Recent Releases of rsample

rsample - rsample 1.3.1

  • The new internal_calibration_split() function and its methods for various resamples is for usage in tune to create a internal split of the analysis set to fit the preprocessor and model on one part and the post-processor on the other part (#483, #488, #489, #569, #575, #577, #582).

  • New accessor function calibration() for the calibration set of an internal calibration split (#581).

- R
Published by hfrick 11 months ago

rsample - rsample 1.3.0

  • Bootstrap intervals via int_pctl(), int_t(), and int_bca() now allow for more flexible grouping (#465).

  • Errors and warnings are now styled via cli (#499, #502). Largely done by @PriKalra (#523, #526, #528, #530, #531, #532), @Dpananos (#516, #517, #529), and @JamesHWade (#518) as part of the tidyverse dev day.

  • rolling_origin() is now superseded by sliding_window(), sliding_index(), and sliding_period() which provide more flexibility and control (@nmercadeb, #524).

  • The deprecation of validation_split(), validation_time_split(), and group_validation_split() has been moved to the next level so that they now warn.

Bug fixes

  • vfold_cv() now utilizes the breaks argument correctly for repeated cross-validation (@ZWael, #471).

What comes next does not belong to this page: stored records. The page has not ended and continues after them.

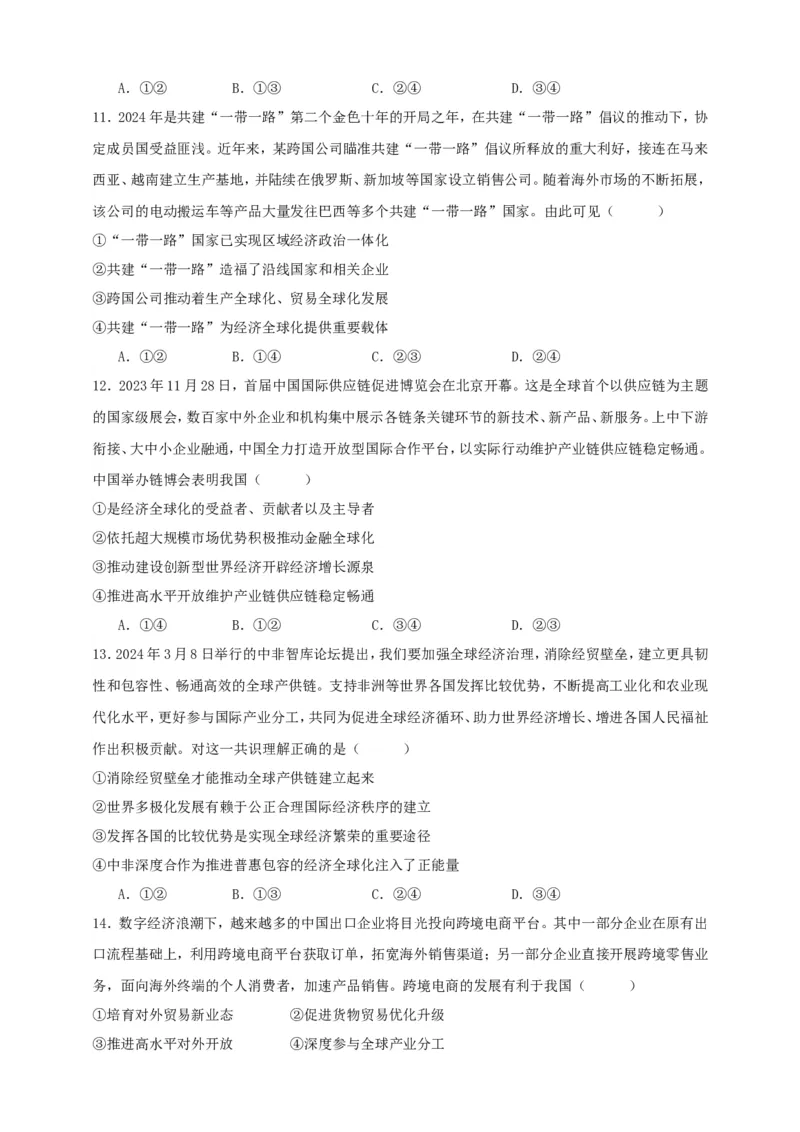 第六课走进经济全球化练习（原卷版）抢分秘籍2025年高考政治一轮复习精讲精练_8.2025政治总复习_2025年新高考资料_一轮复习_2025年高考政治一轮复习精讲精练（原卷版+解析版）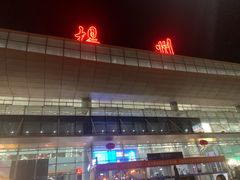 -东园小馆·早茶·淮扬小炒(江都路店)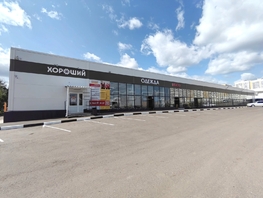 Продается Готовый бизнес Сретенская ул, 1380  м², 145000000 рублей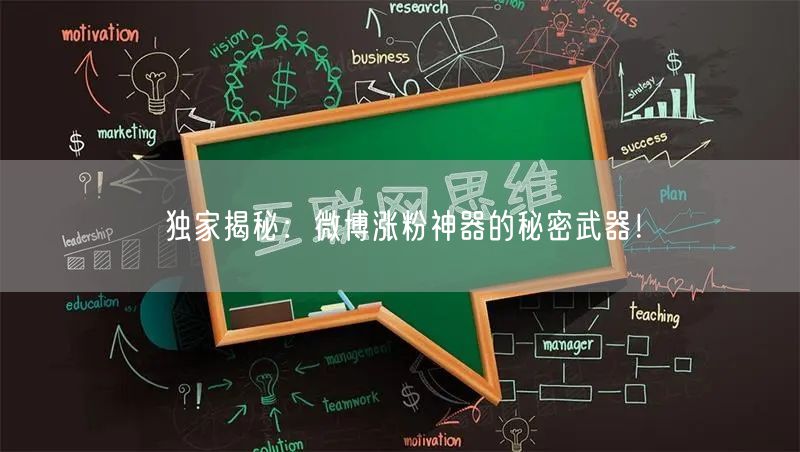 独家揭秘：微博涨粉神器的秘密武器！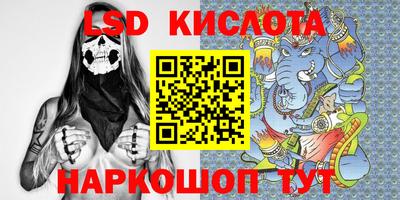 герыч Кинель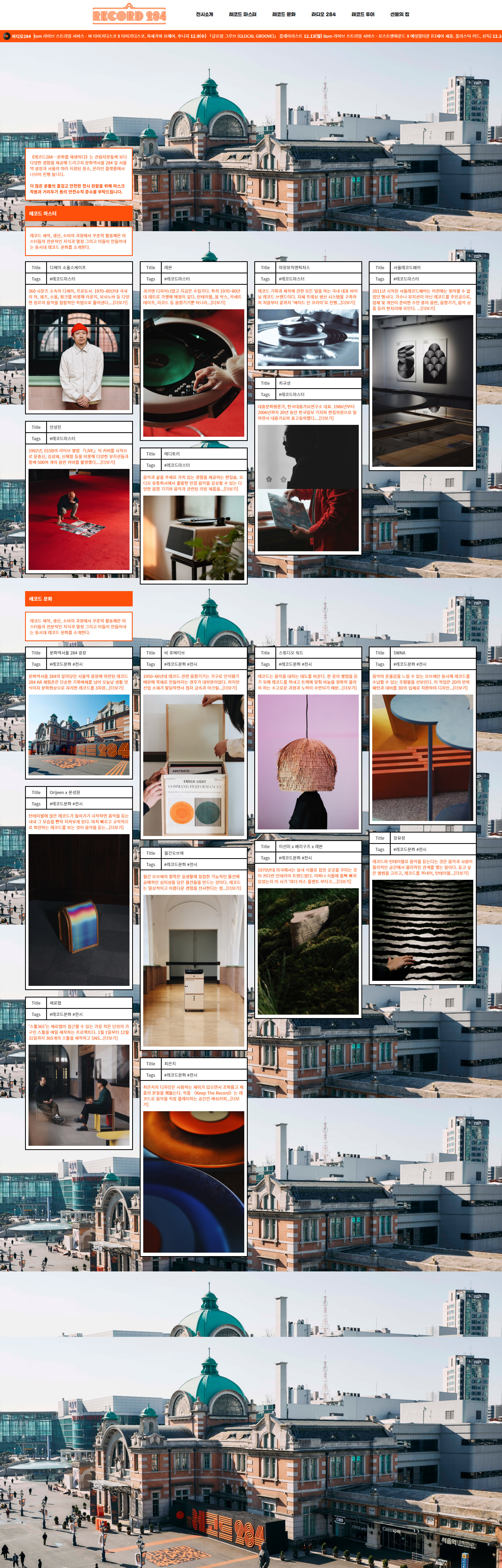 RECORD 284 브랜드 대표 이미지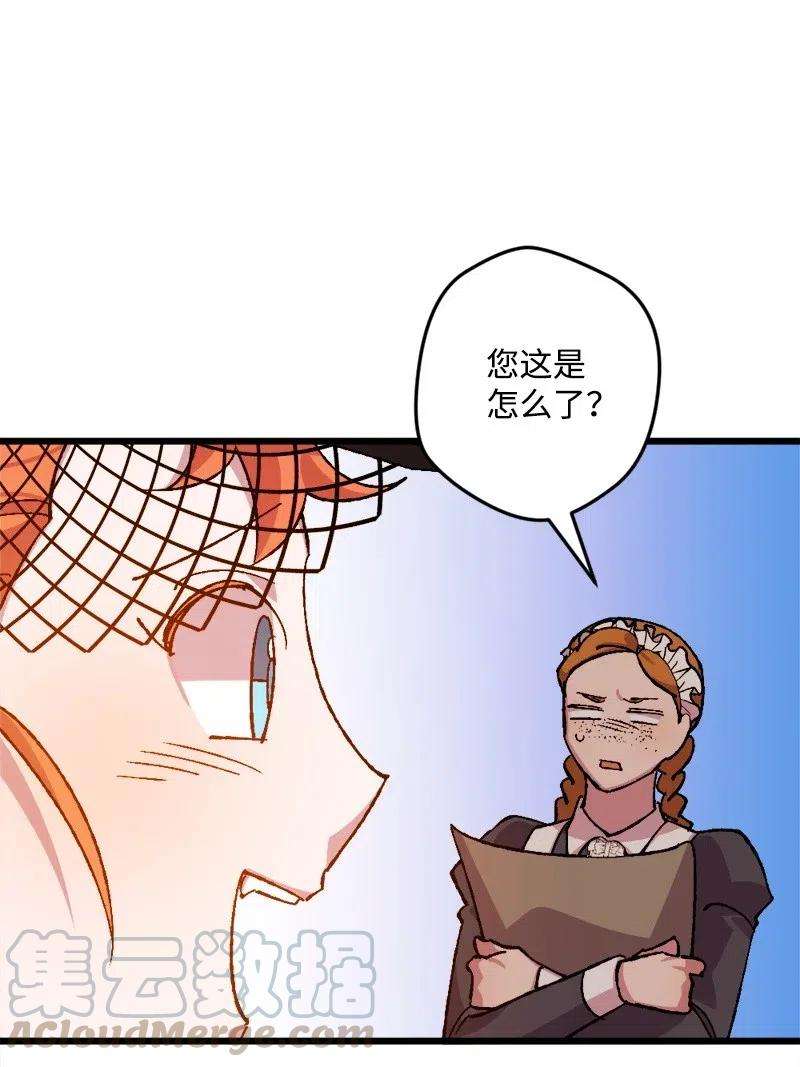 穿越成炮灰的我绝不认输49 作战开始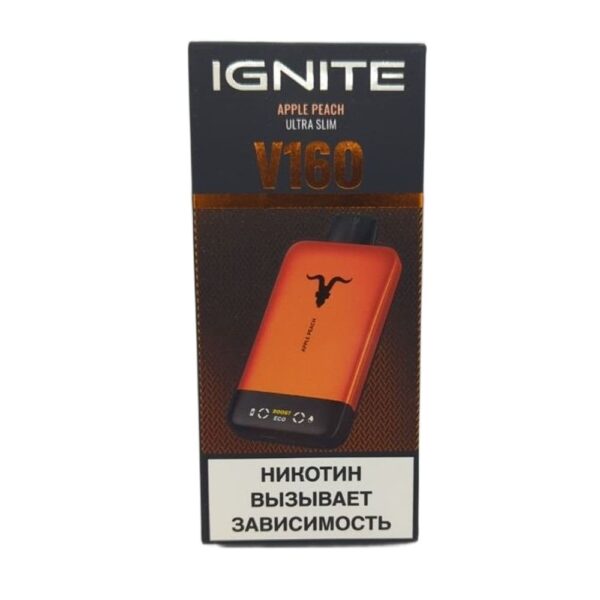Электронная сигарета IGNITE V-160 (16000) ORANGE (Яблоко персик) - Купить с доставкой в Красногорске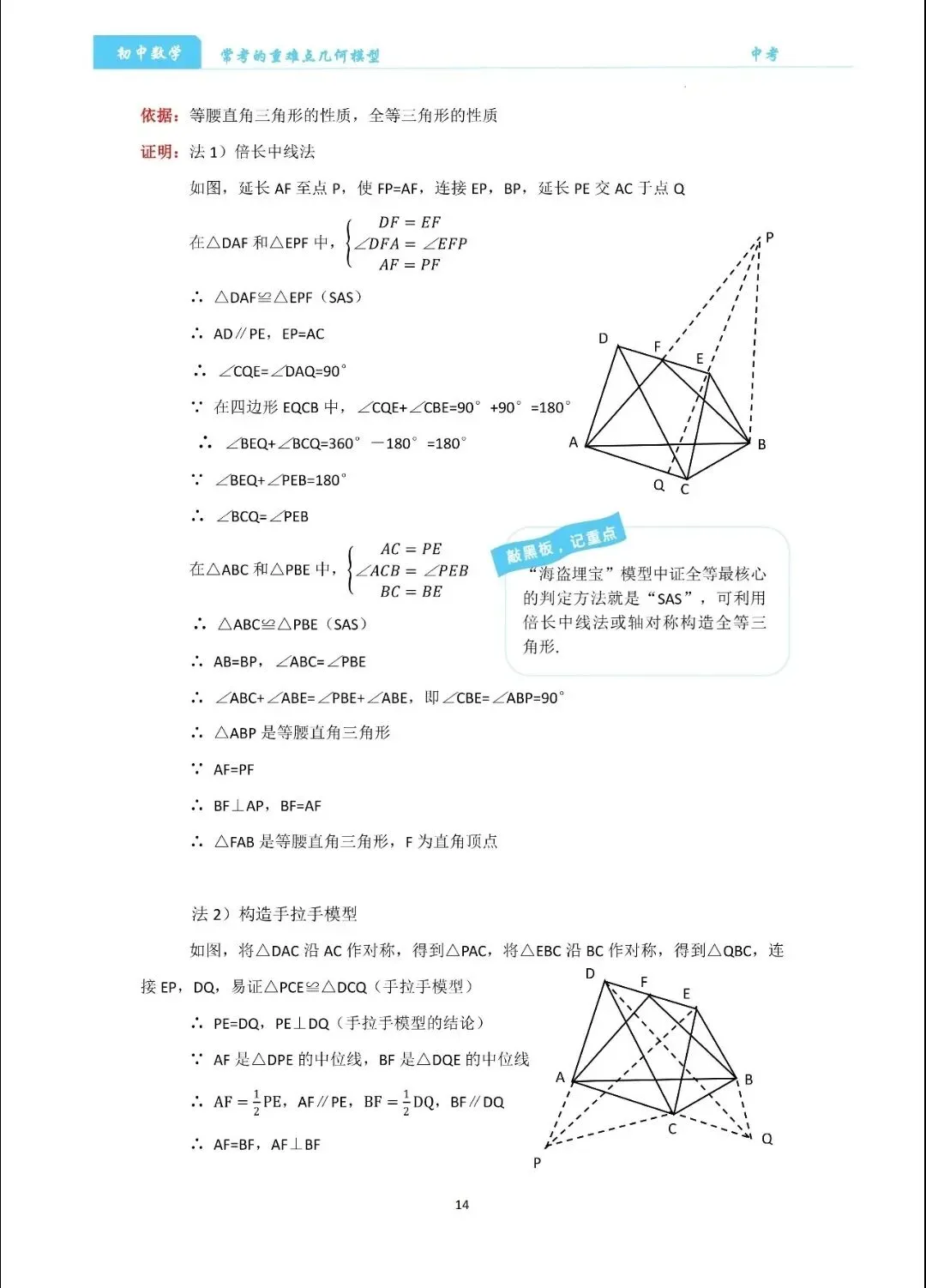 【中考数学】经典压轴题最值8大模型精讲精练 第14张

  • Grouped resampling functions now work with an explicit strata = NULL instead of strata being either a name or missing (#485).

Breaking changes

  • vfold_cv() and clustering_cv() now error on implicit leave-one-out cross-validation (@seb09, #527).

  • The class of grouped MC splits is now group_mc_split instead of grouped_mc_split, aligning it with the other grouped splits (#478).

  • The rsplit objects of an apparent() split now have the correct class inheritance structure. The order is now apparent_split and then rsplit rather than the other way around (#477).

Documentation improvements

  • Improved documentation and formatting: function names are now more easily identifiable through either () at the end or being links to the function documentation (@brshallo , #521).

  • Fixed example for nested_cv() (@seb09, #520).

  • Formatting improvement: package names are now not in backticks anymore (@agmurray, #525).

  • Improved documentation for initial_split() and friends (@laurabrianna, #519).

  • Removed trailing space in printing of mc_cv() objects (@ccani007, #464).

- R
Published by hfrick about 1 year ago

rsample - rsample 1.2.1

  • nested_cv() no longer errors if outside is a long call (#459, #461).

  • The validation_set class now has its own pretty() method (#456).

- R
Published by hfrick over 2 years ago

rsample - rsample 1.2.0

  • The new initial_validation_split(), along with variants initial_validation_time_split() and group_initial_validation_split(), generates a three-way split of the data into training, validation, and test sets. With the new validation_set(), this can be turned into an rset object for tuning (#403, #446).

  • validation_split(), validation_time_split(), and group_validation_split() have been soft-deprecated in favor of the new functions implementing a 3-way split (initial_validation_split(), initial_validation_time_split(), and group_initial_validation_split()) (#449).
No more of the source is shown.